A desperate ploy to silence corporate America could devastate civil society.
When the French political philosopher Alexis de Tocqueville studied American society in the 1830s, he marveled at the seemingly endless array of associations Americans created to champion causes great and small. “In the United States associations are established to promote public order, commerce, industry, morality, and religion… the liberty of association for political purposes is unbounded,” he proclaimed.
Nearly two hundred years later, Americans still donate to charity and participate in civil society at levels that put other countries to shame. Yet association for “political” purposes today is far from unbounded, and a new scheme from the Center for American Progress (CAP) threatens to make it effectively illegal.
Named the “Corporate Power Reset,” CAP’s proposal would ban nonprofits, unions, trade associations, think tanks, and other incorporated entities from speaking about elected officials and candidates, ballot measures, and related policy issues. Overnight, an entire ecosystem of core political speech would vanish.
The consequences would be severe. Voters would become more dependent on the government and the media for information. Their ability to question official narratives or join together with like-minded citizens to promote messages of their own would be sharply limited. That may be a “power reset,” but it’s not one that favors the American people.
With CAP’s backing, versions of this radical proposal have appeared in nearly 20 states in less than a year. Some take the form of ballot initiatives or state constitutional amendments, while others are introduced as traditional legislation. In Hawaii, the proposal has already been passed into law – and quickly challenged in court.
Censors have long sought to gain control of the discourse by disqualifying certain classes of speakers. In 2008, the Federal Election Commission (FEC) tried to ban a documentary film criticizing then-presidential candidate Hillary Clinton because it was produced by a nonprofit corporation. The Supreme Court ultimately supported the group’s right to free speech in Citizens United v. FEC.
Another classic censorship strategy is to expose the names and addresses of donors behind specific organizations and causes. From there, harassment and fear do the rest. Former Vice President Kamala Harris made waves with this approach when, as California’s attorney general, she demanded that every nonprofit in the state hand over its confidential donor list. Nearly 300 groups from across the political spectrum cried foul to the Supreme Court.

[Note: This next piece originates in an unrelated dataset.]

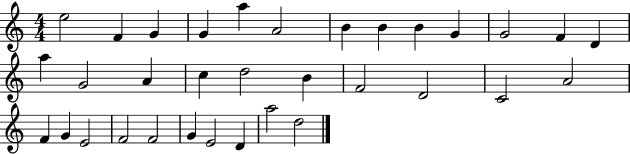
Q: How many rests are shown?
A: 0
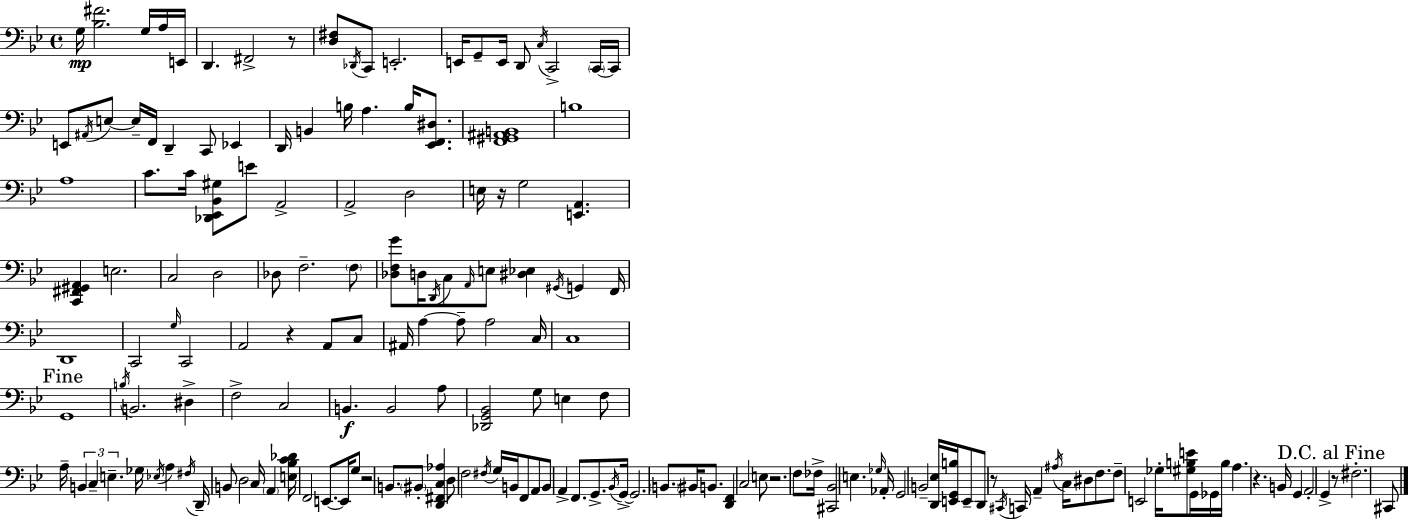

That controversy led to another landmark First Amendment decision in 2021’s Americans for Prosperity Foundation v. Bonta. Citing cases that date back to the Civil Rights Movement, the Court reminded California that states are barred from demanding nonprofit donor lists because disclosure “creates an unnecessary risk of chilling” freedom of speech and association.
And just this year, the Supreme Court issued a unanimous opinion in First Choice v. Davenport that recounts a lengthy list of precedents reaffirming the First Amendment right to privacy in association.
To evade these robust and longstanding protections, CAP’s scheme tests a fringe legal theory that goes far beyond overturning Citizens United or other campaign finance cases. Instead, the “Corporate Power Reset” would redefine corporate rights to exclude the freedom to engage in broadly defined forms of political speech. If successful, this approach could potentially be replicated to strip other constitutional rights away from corporate entities: privacy, religious freedom, press freedom, and more.
But the harms to freedom of speech, assembly, and petition are more than enough cause for alarm on their own. Under CAP’s proposal, any group that does not organize itself as a political action committee – and consequently, publicly disclose its donors – is effectively barred from participating in the most direct and impactful forms of political and issue speech. Donor privacy isn’t outlawed, but groups with private donors are muzzled.
The silver lining is that the Supreme Court is unlikely to allow states to strip away First Amendment rights that have long been upheld. But legal challenges can take many years to reach the High Court, and lower courts have been far more forgiving of censorship schemes.
Arizona offers one startling example. In 2022, a ballot measure purporting to be a silver-bullet solution to “dark money” in politics created so much confusion and complexity in the law that many nonprofits and donors on the right and left have been unable to navigate the new landscape. Despite multiple lawsuits challenging the measure, it remains in effect four years later, stifling countless voices in elections and legislative debates.
If CAP’s plan is not confronted and defeated, it’s destined to achieve a similar result. To prevent a tragic and unAmerican turn against civil discourse, organizations across the political spectrum must call out this scheme for what it is: a plot to muzzle civil society.
Heather Lauer is the CEO of People United for Privacy Foundation.